## Task prompt
The answer must consist solely of the lines from the line with "待售: $660,000 (4 贝兹, 3 浴室, 2287 平方英尺)" to the end of the data below, transcribed exactly and with no pictures.

## Information shown
********

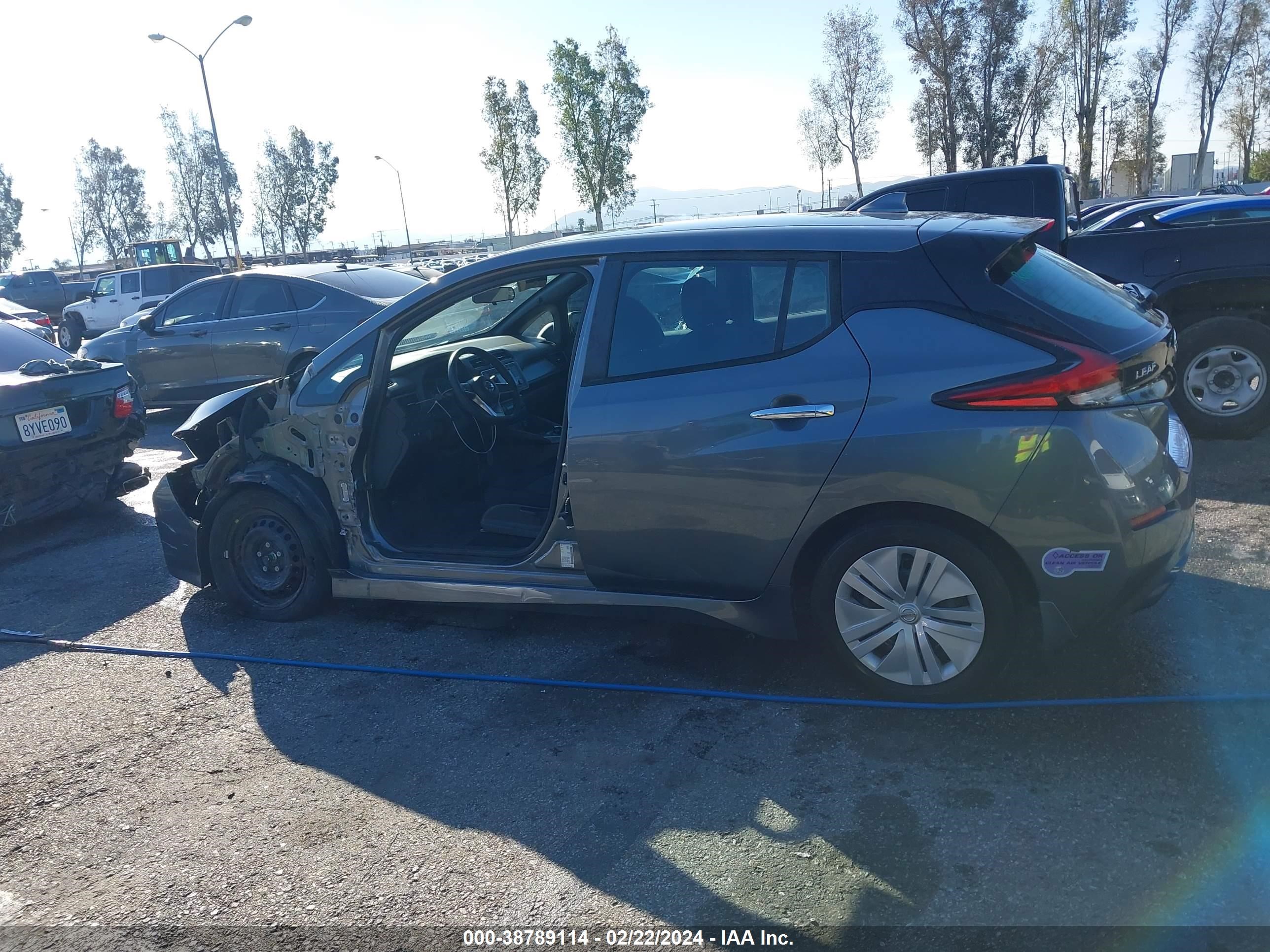 Photo 14 VIN: 1N4AZ1CP2KC305919 - NISSAN LEAF 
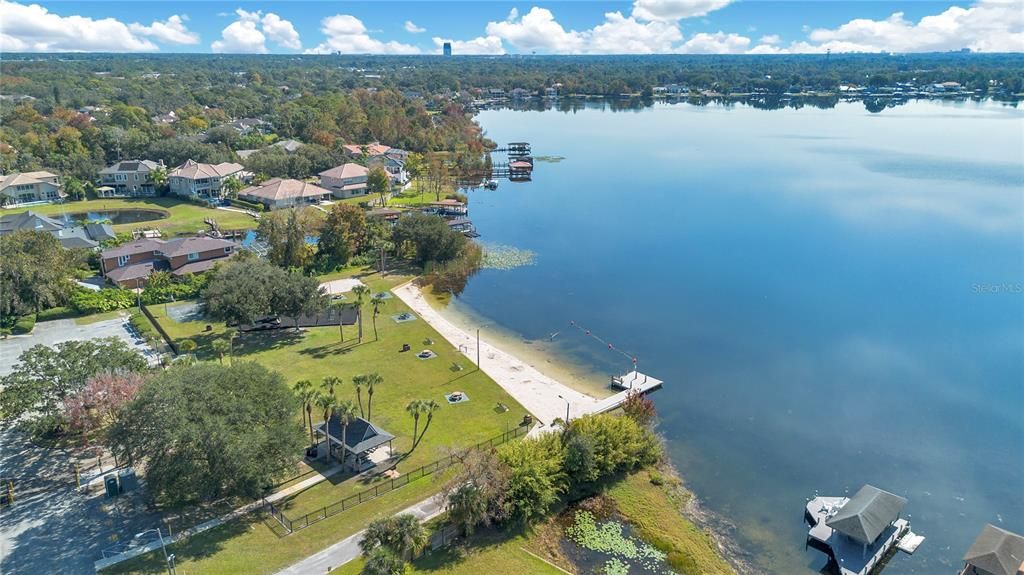 待售: $660,000 (4 贝兹, 3 浴室, 2287 平方英尺)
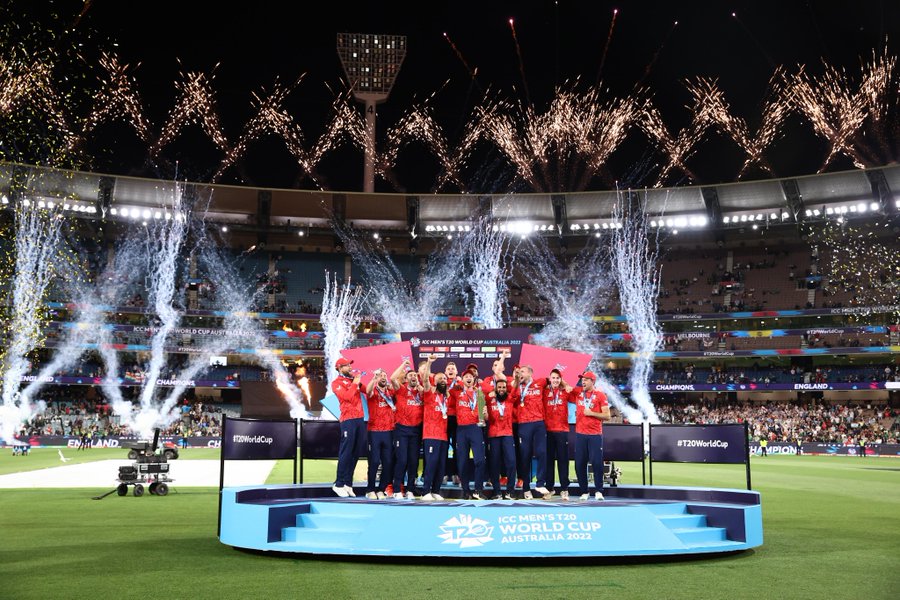 इंग्लैंड दूसरी बार टी20 विश्व कप चैंपियन, पाकिस्तान के खिलाफ खिताबी जीत के सूत्रधार बने सैम करन व बेन स्टोक्स
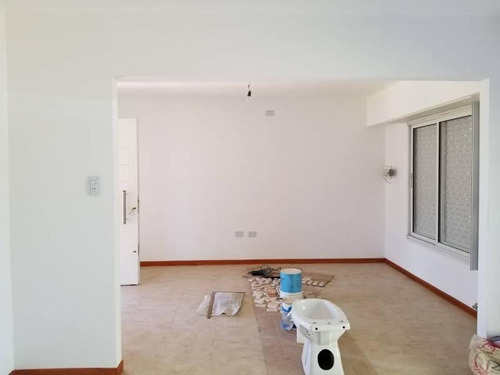 Imagen 9 de 21 de Casas Ph En Venta, Calle 119, Navarro, Cod.2246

********

## Answer to this task
 待售: $660,000 (4 贝兹, 3 浴室, 2287 平方英尺)
 इंग्लैंड दूसरी बार टी20 विश्व कप चैंपियन, पाकिस्तान के खिलाफ खिताबी जीत के सूत्रधार बने सैम करन व बेन स्टोक्स
 Imagen 9 de 21 de Casas Ph En Venta, Calle 119, Navarro, Cod.2246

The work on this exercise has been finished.